Шум из беззвучного спора разносился вокруг не словами, но воздух впитывал их страсти и обдавал накаленными волнами тело Энди. Она покачивалась – то ли от этой энергии, то ли от усталости, пока неожиданно не наступила тишина. Светловолосый выпрямился, быстро взглянул на Падифа и, приняв из рук последнего протянутый ему шлем, развернулся и начал быстро удаляться вглубь леса. Через несколько секунд из него всего виднелись только его белые волосы, а через минуту он полностью растворился во мраке. Падиф вздохнул и подошел к ней.

– Все складывается более чем хорошо, – тихо произнес он и поглядел куда-то в пустоту, – А потому цепляйся за меня и держись как можно крепче и ни в коем случае не кричи, не вопи! Сейчас самое важное – скорость, а потому я понесу тебя древесным путем, – сказал он и повернулся к ней спиной, – Ну же, хватайся!

Энди засмущалась, но в конце концов она вскарабкалась ему на спину. Падиф резко вскочил и, подобно испуганной кошке, завилял ловко между тесными рядами деревьев. Ее голова откинулась назад, но она, преодолев внушительную силу инерции, прижала лоб к его шее.

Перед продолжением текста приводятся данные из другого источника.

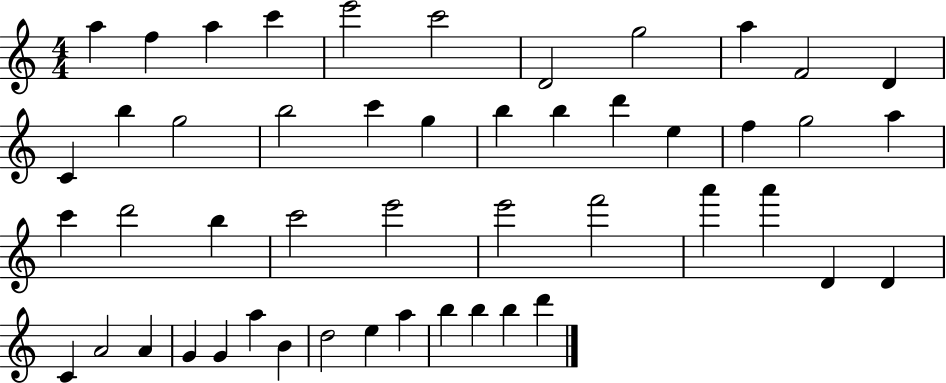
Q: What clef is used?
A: treble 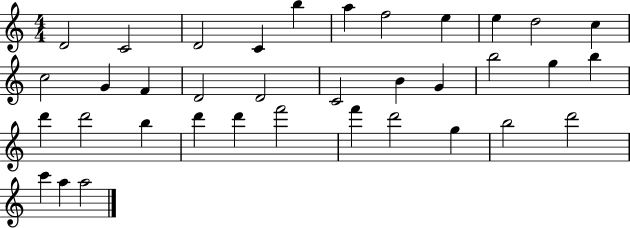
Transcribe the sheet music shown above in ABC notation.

X:1
T:Untitled
M:4/4
L:1/4
K:C
D2 C2 D2 C b a f2 e e d2 c c2 G F D2 D2 C2 B G b2 g b d' d'2 b d' d' f'2 f' d'2 g b2 d'2 c' a a2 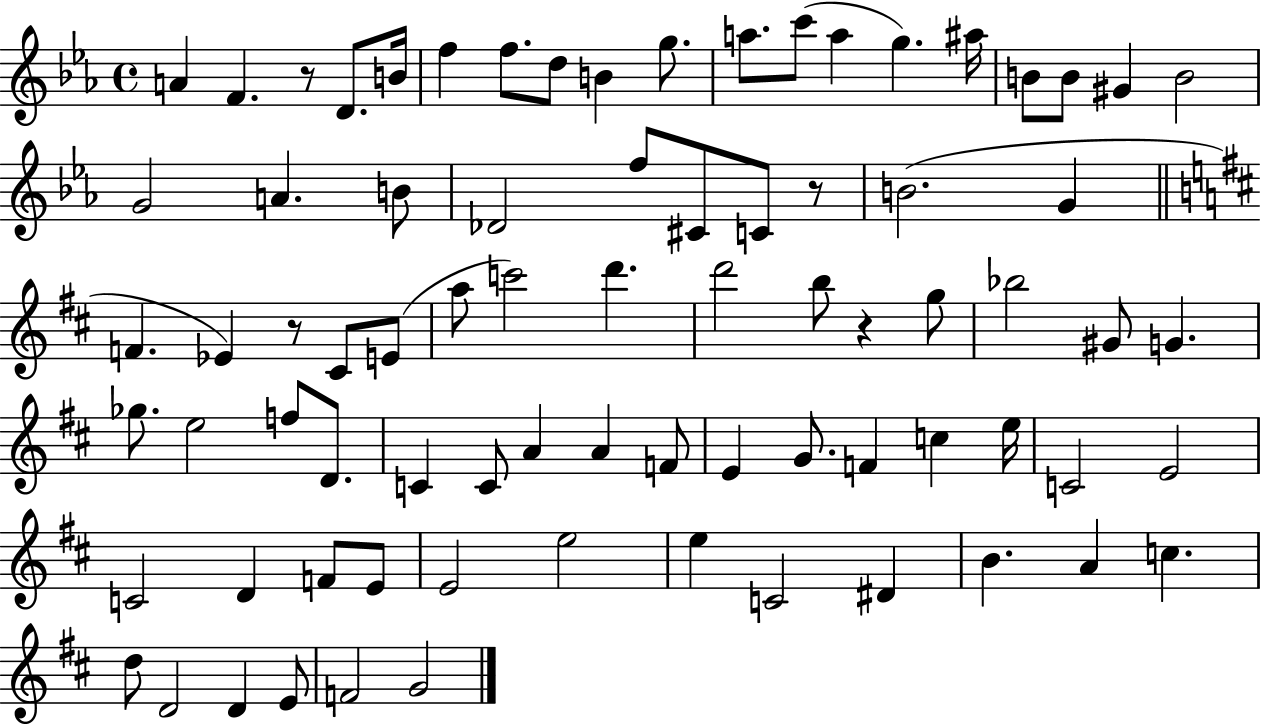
A4/q F4/q. R/e D4/e. B4/s F5/q F5/e. D5/e B4/q G5/e. A5/e. C6/e A5/q G5/q. A#5/s B4/e B4/e G#4/q B4/h G4/h A4/q. B4/e Db4/h F5/e C#4/e C4/e R/e B4/h. G4/q F4/q. Eb4/q R/e C#4/e E4/e A5/e C6/h D6/q. D6/h B5/e R/q G5/e Bb5/h G#4/e G4/q. Gb5/e. E5/h F5/e D4/e. C4/q C4/e A4/q A4/q F4/e E4/q G4/e. F4/q C5/q E5/s C4/h E4/h C4/h D4/q F4/e E4/e E4/h E5/h E5/q C4/h D#4/q B4/q. A4/q C5/q. D5/e D4/h D4/q E4/e F4/h G4/h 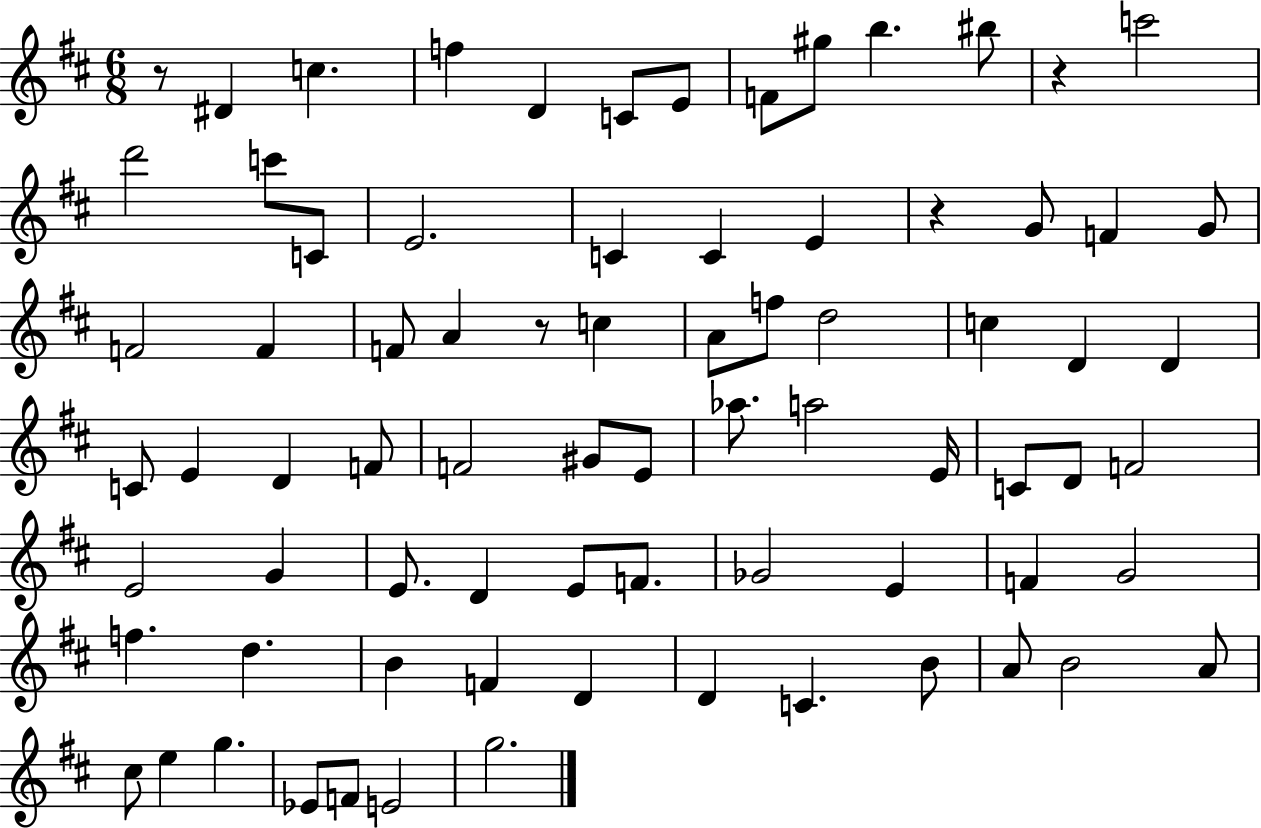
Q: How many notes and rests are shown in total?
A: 77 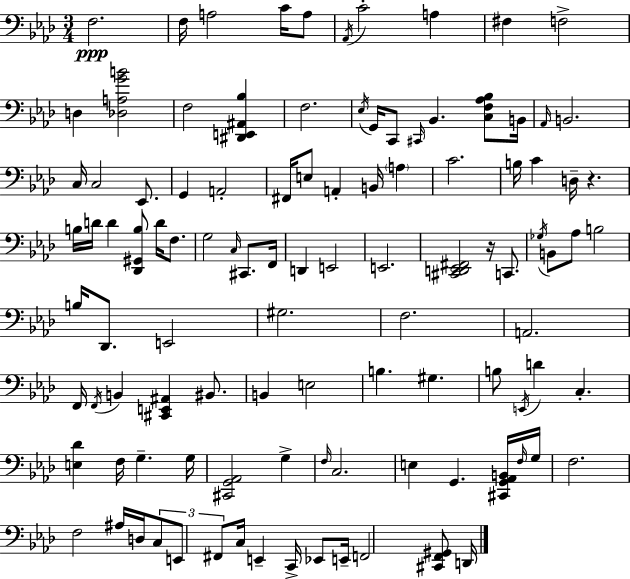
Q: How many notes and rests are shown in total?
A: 106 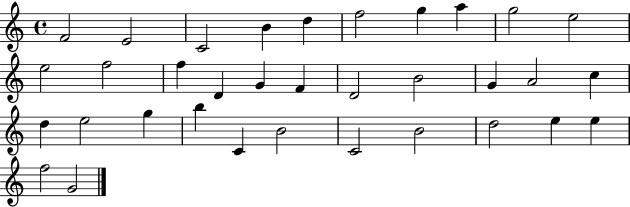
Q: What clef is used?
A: treble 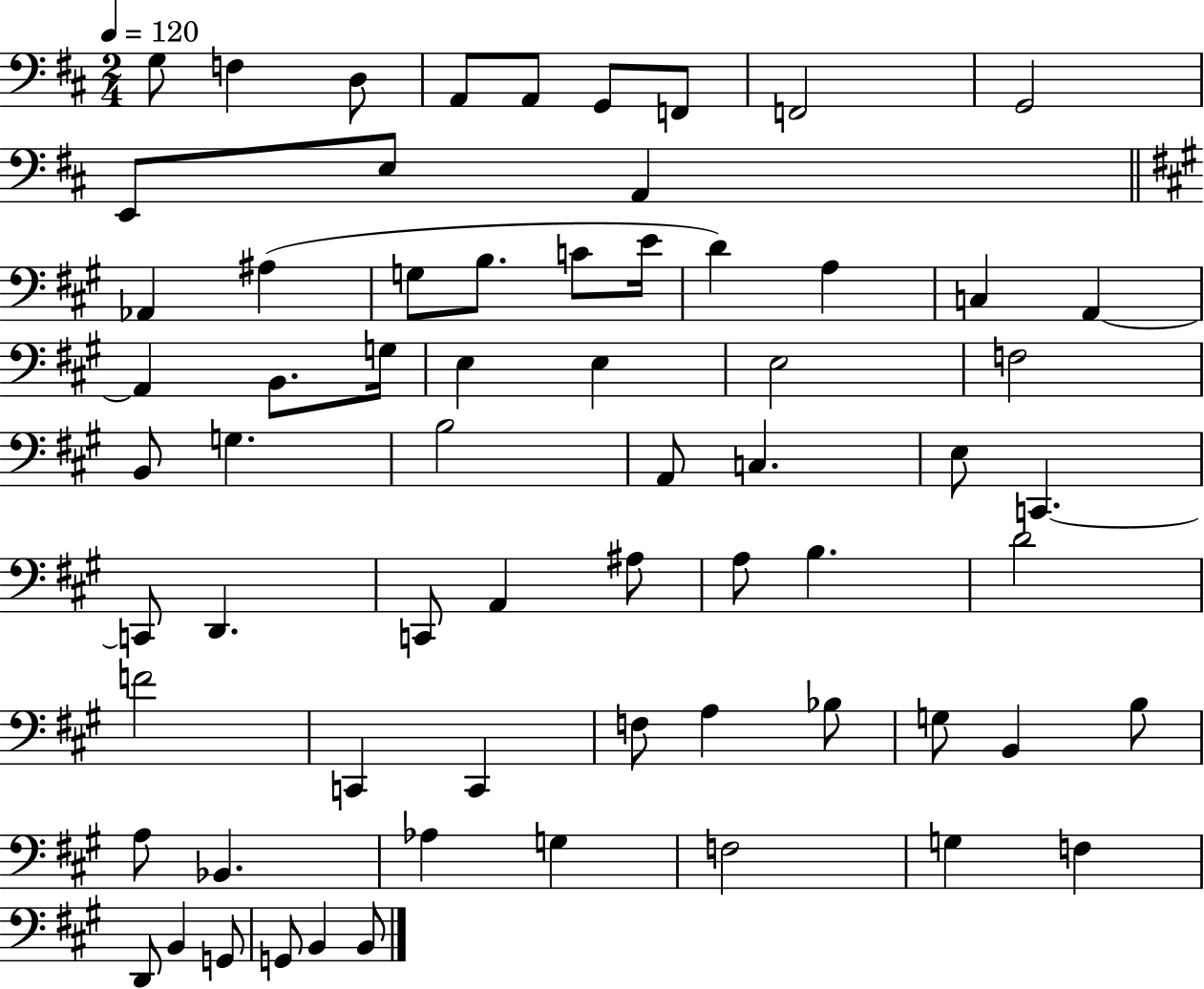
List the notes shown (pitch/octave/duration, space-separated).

G3/e F3/q D3/e A2/e A2/e G2/e F2/e F2/h G2/h E2/e E3/e A2/q Ab2/q A#3/q G3/e B3/e. C4/e E4/s D4/q A3/q C3/q A2/q A2/q B2/e. G3/s E3/q E3/q E3/h F3/h B2/e G3/q. B3/h A2/e C3/q. E3/e C2/q. C2/e D2/q. C2/e A2/q A#3/e A3/e B3/q. D4/h F4/h C2/q C2/q F3/e A3/q Bb3/e G3/e B2/q B3/e A3/e Bb2/q. Ab3/q G3/q F3/h G3/q F3/q D2/e B2/q G2/e G2/e B2/q B2/e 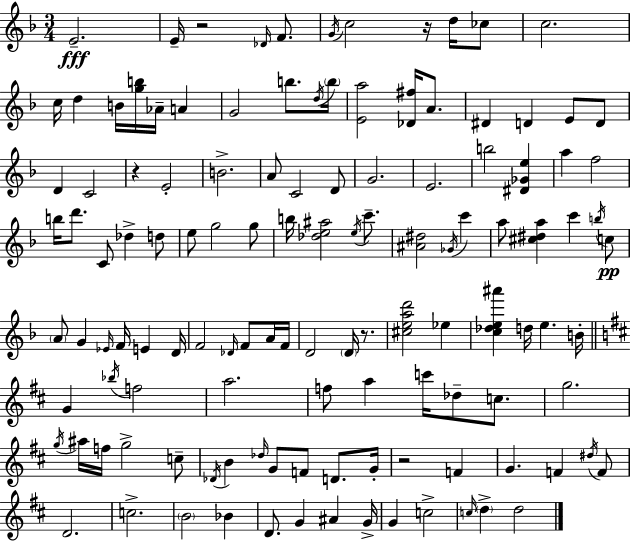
E4/h. E4/s R/h Db4/s F4/e. G4/s C5/h R/s D5/s CES5/e C5/h. C5/s D5/q B4/s [G5,B5]/s Ab4/s A4/q G4/h B5/e. D5/s B5/s [E4,A5]/h [Db4,F#5]/s A4/e. D#4/q D4/q E4/e D4/e D4/q C4/h R/q E4/h B4/h. A4/e C4/h D4/e G4/h. E4/h. B5/h [D#4,Gb4,E5]/q A5/q F5/h B5/s D6/e. C4/e Db5/q D5/e E5/e G5/h G5/e B5/s [Db5,E5,A#5]/h E5/s C6/e. [A#4,D#5]/h Gb4/s C6/q A5/e [C#5,D#5,A5]/q C6/q B5/s C5/e A4/e G4/q Eb4/s F4/s E4/q D4/s F4/h Db4/s F4/e A4/s F4/s D4/h D4/s R/e. [C#5,E5,A5,D6]/h Eb5/q [C5,Db5,E5,A#6]/q D5/s E5/q. B4/s G4/q Bb5/s F5/h A5/h. F5/e A5/q C6/s Db5/e C5/e. G5/h. G5/s A#5/s F5/s G5/h C5/e Db4/s B4/q Db5/s G4/e F4/e D4/e. G4/s R/h F4/q G4/q. F4/q D#5/s F4/e D4/h. C5/h. B4/h Bb4/q D4/e. G4/q A#4/q G4/s G4/q C5/h C5/s D5/q D5/h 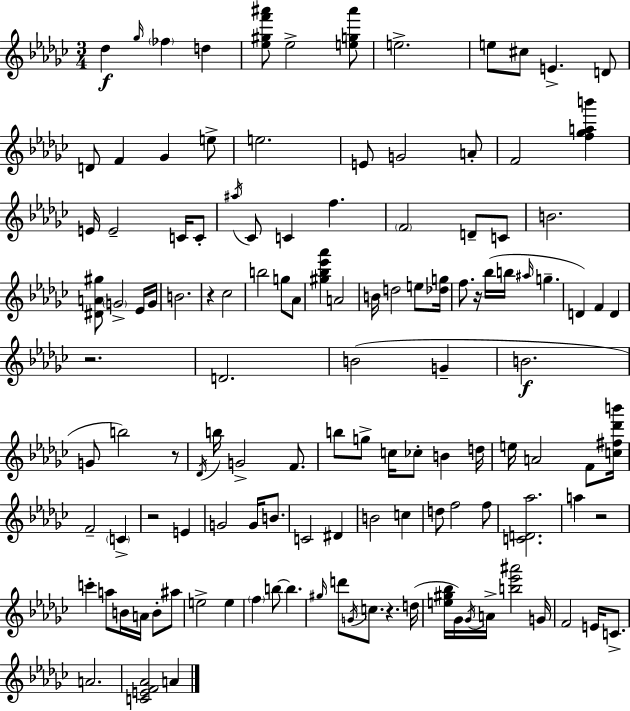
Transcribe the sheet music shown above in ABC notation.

X:1
T:Untitled
M:3/4
L:1/4
K:Ebm
_d _g/4 _f d [_e^gf'^a']/2 _e2 [eg^a']/2 e2 e/2 ^c/2 E D/2 D/2 F _G e/2 e2 E/2 G2 A/2 F2 [f_gab'] E/4 E2 C/4 C/2 ^a/4 _C/2 C f F2 D/2 C/2 B2 [^DA^g]/2 G2 _E/4 G/4 B2 z _c2 b2 g/2 _A/2 [^g_b_e'_a'] A2 B/4 d2 e/2 [_dg]/4 f/2 z/4 _b/4 b/4 ^a/4 g D F D z2 D2 B2 G B2 G/2 b2 z/2 _D/4 b/4 G2 F/2 b/2 g/2 c/4 _c/2 B d/4 e/4 A2 F/2 [c^f_d'b']/4 F2 C z2 E G2 G/4 B/2 C2 ^D B2 c d/2 f2 f/2 [CD_a]2 a z2 c' a/2 B/4 A/4 B/2 ^a/2 e2 e f b/2 b ^g/4 d'/2 G/4 c/2 z d/4 [e^g_b]/4 _G/4 _G/4 A/4 [b_e'^a']2 G/4 F2 E/4 C/2 A2 [CEF_A]2 A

Он бежал, как если бы порхала бабочка – бесшумно, легко и очень быстро, словно совсем не чувствуя у себя за спиной массу плоти и костей, а она именно так себя и чувствовала: при неожиданных поворотах ее заносило в сторону, при прыжках придавливало книзу, а когда он погружался в овраг, взлетала на доли секунды вверх. Иногда ей казалось, что она упадет, но в те мгновения Падиф хватался своими забронированными в жесткие перчатки ладонями за ее руки и крепко их сжимал.

Он бежал еще быстрее, разгоняясь, и тут в животе у нее образовалась дыра – он подпрыгнул высоко и резко, зацепился за сук и, перекувырнувшись, встал на него. Ее чуть не стошнило, а он уже прыгнул на другую ветку более высокую и тонкую, а потом еще выше, выше – едва он касался сучков, как уже летел к другим. Иногда ей казалось, что она теряет сознание, но конечности ее будто онемели и плотно обвивали Падифа. А он сжимал ее ладони своей рукой…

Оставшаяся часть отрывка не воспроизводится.